When we arrived at the base of the hill and follow Titus through the undergrowth and up the incline of moss-covered rock. The vegetation was not a hindrance, but the hike was a good workout on this hot day. Be sure to bring and drink plenty of water.
As we get closer to the top we find groups of small, but brilliant red beetles. Ah, now I understand the name, “Beetle Hill”. And after a strenuous hike we finally we reach the summit and enjoy the view which is nice and green (except for the haze from the harmattan dust). No wide swaths of clear cut areas like I had feared.

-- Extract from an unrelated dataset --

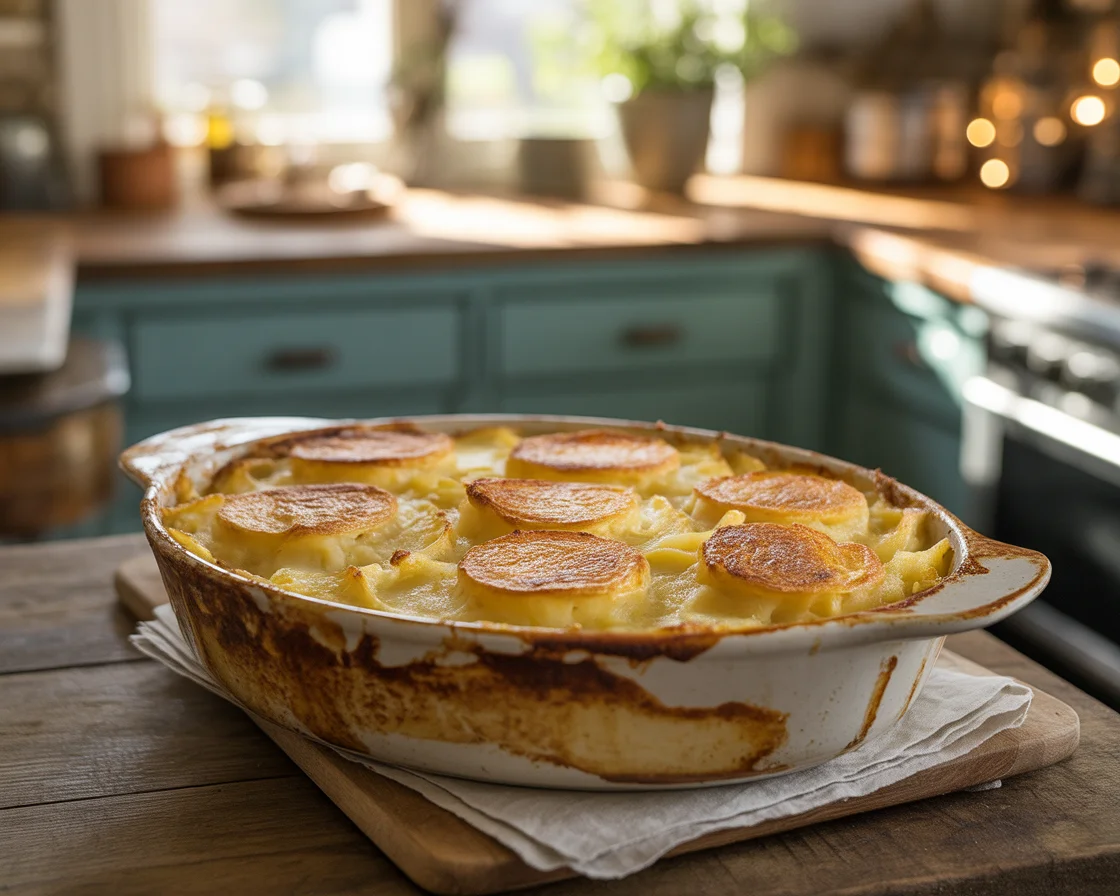 Cheesy Scalloped Potatoes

One guest was a geophysicist, who broke open a piece of the rock and described it as “true granite”. The trees were sending out roots across the granite surface to find any cracks to cling to. The roots are useful to help climb the upper portion of the hill. There is an unusual tree on the summit forming a perfect arch reaching 10 feet above the ground. Titus showed us evidence of elephant visits. Hard to believe that they would go to the effort to climb such a steep hill, but clearly they have. We rested, walked around the top, admired the view then began the downhill hike and journey back to camp.

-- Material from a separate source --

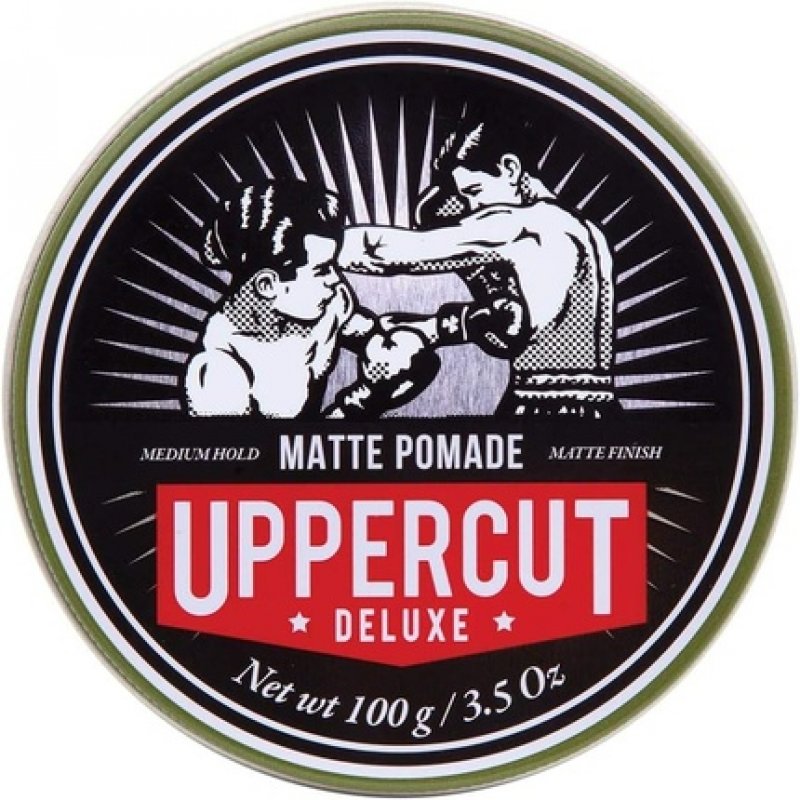 Uppercut Deluxe MATTE POMADE 100g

Early that evening, our host, Nicholas Wicks, showed us all of the interesting images that had been captured since December since three camera traps were first deployed near camp. The units are motion triggered and have infrared capability at night. Since much of the animal activity is after dark, this tool is one of the best ways to make systematic observations. The animals included: a solitary bull elephant, monkeys, civet cat, forest pig, squirrel, and tropical tree rat. Also got couple of pictures of the wood cutters that we just evicted.

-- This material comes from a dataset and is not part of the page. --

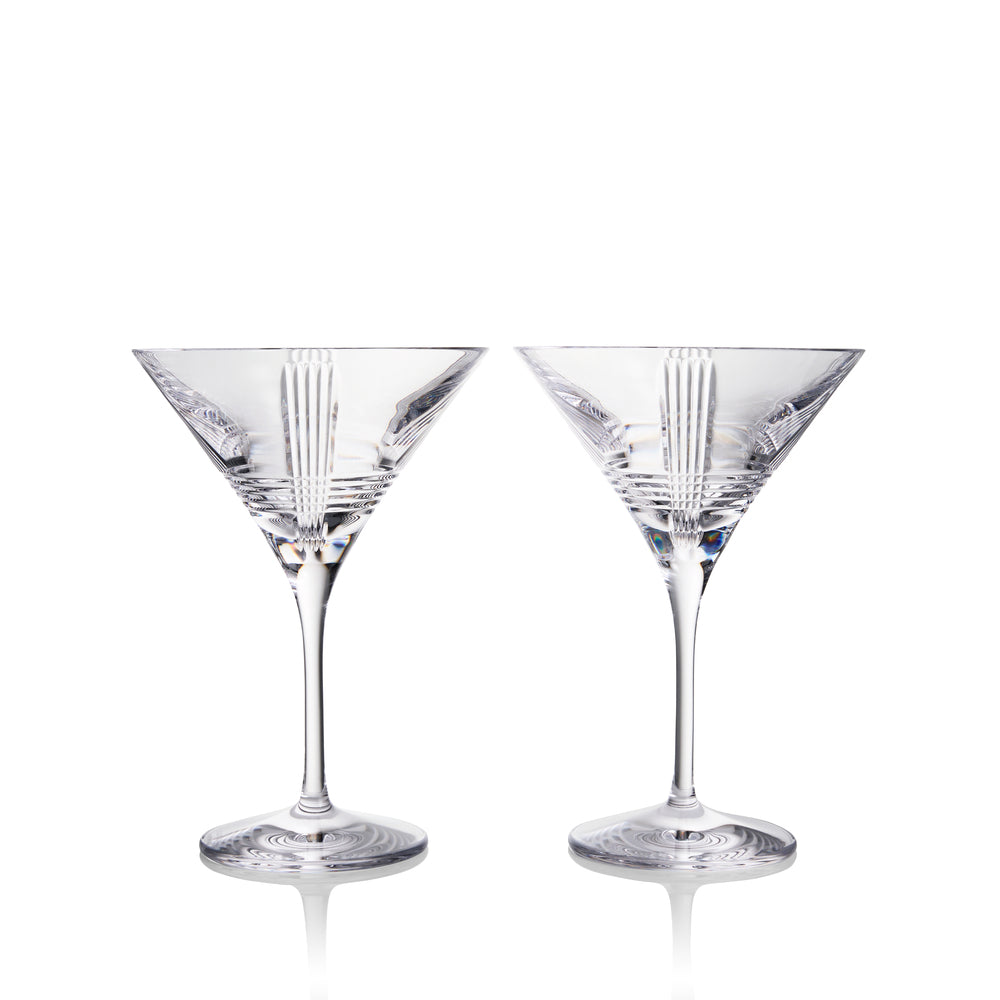 Vector Martini Set of 2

The group had our final dinner under the covered eating area and retired about 9:00 PM. A cool breeze picked up indicating that it might rain, but it never came. The slightly cooler temperature made sleeping more comfortable.
DAY 3 – Trip Home
After a casual breakfast, we packed up and hiked our gear down the hill to the vehicles. The 90 minute drive out of the forest went smoothly as the big bridge was now repaired. We met at the Pro-Natura office in J4, then swung by the guest house to get the driver and security. The 3-hour drive back to Lekki went without hitch.
A Few Trip Notes
The trip was a series of adventures which I would recommend to anyone who likes the outdoors. This is not a luxury safari, so don’t’ go with the expectation to see lots of wildlife from the back of an open top vehicle or have meals prepared for you. Do go to enjoy being under the canopy of the tropical forest in reasonably comfortable accommodations. There were no un-official road blocks on the road, but the police check points were numerous. The camp was well built, clean and comfortable. Guided hikes thorough the big trees and up Beetle Hill were the highlight for me. The unexpected challenges with the large bridge, small log bridges, fallen tree, and removal of the wood cutters was all part of the experience. There are some good picture taking opportunities. Bird watching is challenging in the forest, but better close to the J4 guest house. Go fully self-sufficient in food and water. Take water with you on the hikes and stay hydrated. This trip offers the opportunity to learn about the stresses being put on the forests in Nigeria and the good work being done by a few environmental NGOs.